06. NLP in TF

(참고) udemy - TF Developer in 2022

Contents

  1. Text Vectorization
  2. Embedding
  3. Modeling a text dataset
  4. model 1 : Naive Bayes
  5. model 2 : FC
  6. model 3 : LSTM
  7. model 4 : GRU
  8. model 5 : biLSTM
  9. model 6 : 1d-Conv
  10. model 7 : TF Hub pretrained Feature Extractor
  11. Save & Load trained model


(1) Text Vectorization

with TextVectorization


Arguments

  • max_tokens

  • standardize : default = "lower_and_strip_punctuation"
    • lowers text and removes all punctuation marks
  • split : default = "whitespace"
  • ngrams :
    • ex) ngrams=2 : splits tokens into continuous sequences of 2
  • output_mode : how to output tokens
    • ex) "int" (integer mapping), "binary" (one-hot encoding), "count" or "tf-idf"
  • output_sequence_length : length of tokenized sequence
    • ex) output_sequence_length=150 : all tokenized sequences will be 150 tokens long.
  • pad_to_max_tokens : default = False
    • if True : padded to max_tokens


import tensorflow as tf
from tensorflow.keras.layers.experimental.preprocessing import TextVectorization


max_vocab_length = 10000 
max_length = 15 

text_vectorizer = TextVectorization(max_tokens=max_vocab_length,
                                    output_mode="int",
                                    output_sequence_length=max_length)
text_vectorizer.adapt(train_sentences)


Example

sample_sentence = "There's a flood in my street!"
text_vectorizer([sample_sentence])
<tf.Tensor: shape=(1, 15), dtype=int64, numpy=
array([[264,   3, 232,   4,  13, 698,   0,   0,   0,   0,   0,   0,   0,
          0,   0]])>


Unique Vocabulary Sets

words_in_vocab = text_vectorizer.get_vocabulary()
top_5_words = words_in_vocab[:5] # Top 5 FREQUENT


(2) Embedding

can be learned during training

use tf.keras.layers.Embedding layer!


  • input_dim : size of vocab ( ex. 20000 )

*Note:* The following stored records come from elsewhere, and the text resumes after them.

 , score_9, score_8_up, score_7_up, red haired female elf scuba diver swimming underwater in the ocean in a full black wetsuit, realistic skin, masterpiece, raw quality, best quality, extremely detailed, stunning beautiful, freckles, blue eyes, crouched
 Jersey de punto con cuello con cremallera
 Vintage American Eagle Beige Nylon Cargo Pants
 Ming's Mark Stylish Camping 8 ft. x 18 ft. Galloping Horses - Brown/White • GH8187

  • output_dim : embedding vector 차원 수

  • embeddings_initializer
    • ex) (default) uniform
    • ex) pre-learned embedding
  • input_length : length of sequences
tf.random.set_seed(42)
from tensorflow.keras import layers

embedding = layers.Embedding(input_dim=max_vocab_length, 
                             output_dim=128, 
                             embeddings_initializer="uniform", 
                             input_length=max_length, 
                             name="embedding_1") 

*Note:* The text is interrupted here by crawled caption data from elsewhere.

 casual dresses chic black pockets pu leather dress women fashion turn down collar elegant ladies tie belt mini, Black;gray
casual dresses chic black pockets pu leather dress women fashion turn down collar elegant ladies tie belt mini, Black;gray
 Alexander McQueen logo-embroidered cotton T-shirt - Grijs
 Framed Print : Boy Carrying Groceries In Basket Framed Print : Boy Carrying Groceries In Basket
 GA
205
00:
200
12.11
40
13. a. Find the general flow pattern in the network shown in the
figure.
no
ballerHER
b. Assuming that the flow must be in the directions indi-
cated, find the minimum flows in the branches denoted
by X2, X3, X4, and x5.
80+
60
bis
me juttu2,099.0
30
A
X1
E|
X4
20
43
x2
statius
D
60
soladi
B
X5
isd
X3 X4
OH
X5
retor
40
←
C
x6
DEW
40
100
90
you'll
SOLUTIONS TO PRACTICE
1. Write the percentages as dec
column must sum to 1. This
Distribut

random_sentence = random.choice(train_sentences)
sample_embed = embedding(text_vectorizer([random_sentence]))
print(sample_embed.shape)
# (1, 15, 128)



(3) Modeling a text dataset

Types of Models

  • model 1) Naive Bayes
  • model 2) FC
  • model 3) LSTM
  • model 4) GRU
  • model 5) biLSTM
  • model 6) 1d-conv
  • model 7) TF Hub pretrained Feature Extractor


Steps

  • (1) construct a model
  • (2) train the model
  • (3) evaluation
  • (4) make predictions


(4) model 1 : Naive Bayes

(1) construct & train the model

from sklearn.feature_extraction.text import TfidfVectorizer
from sklearn.naive_bayes import MultinomialNB
from sklearn.pipeline import Pipeline

model_0 = Pipeline([
                    ("tfidf", TfidfVectorizer()), # words ---(tfidf) ---> numbers
                    ("clf", MultinomialNB()) # Naive Bayes Classifier
])

model_0.fit(train_sentences, train_labels)


(2) evaluation

baseline_score = model_0.score(val_sentences, val_labels)

(3) make predictions

baseline_preds = model_0.predict(val_sentences)
baseline_preds[:20]
array([1, 1, 1, 0, 0, 1, 1, 1, 1, 0, 0, 1, 0, 0, 0, 0, 0, 0, 0, 1])

(5) model 2 : FC

(1) construct & train the model

  • with Functional API
from tensorflow.keras import layers

inputs = layers.Input(shape=(1,), dtype="string") # inputs : 1d string
#-----------------------------------------------------------------#
x = text_vectorizer(inputs) # text -> number 
x = embedding(x) # number -> embedding
x = layers.GlobalAveragePooling1D()(x) # lower embedding dimension
#-----------------------------------------------------------------#
outputs = layers.Dense(1, activation="sigmoid")(x)
model_1 = tf.keras.Model(inputs, outputs, name="model_1_dense")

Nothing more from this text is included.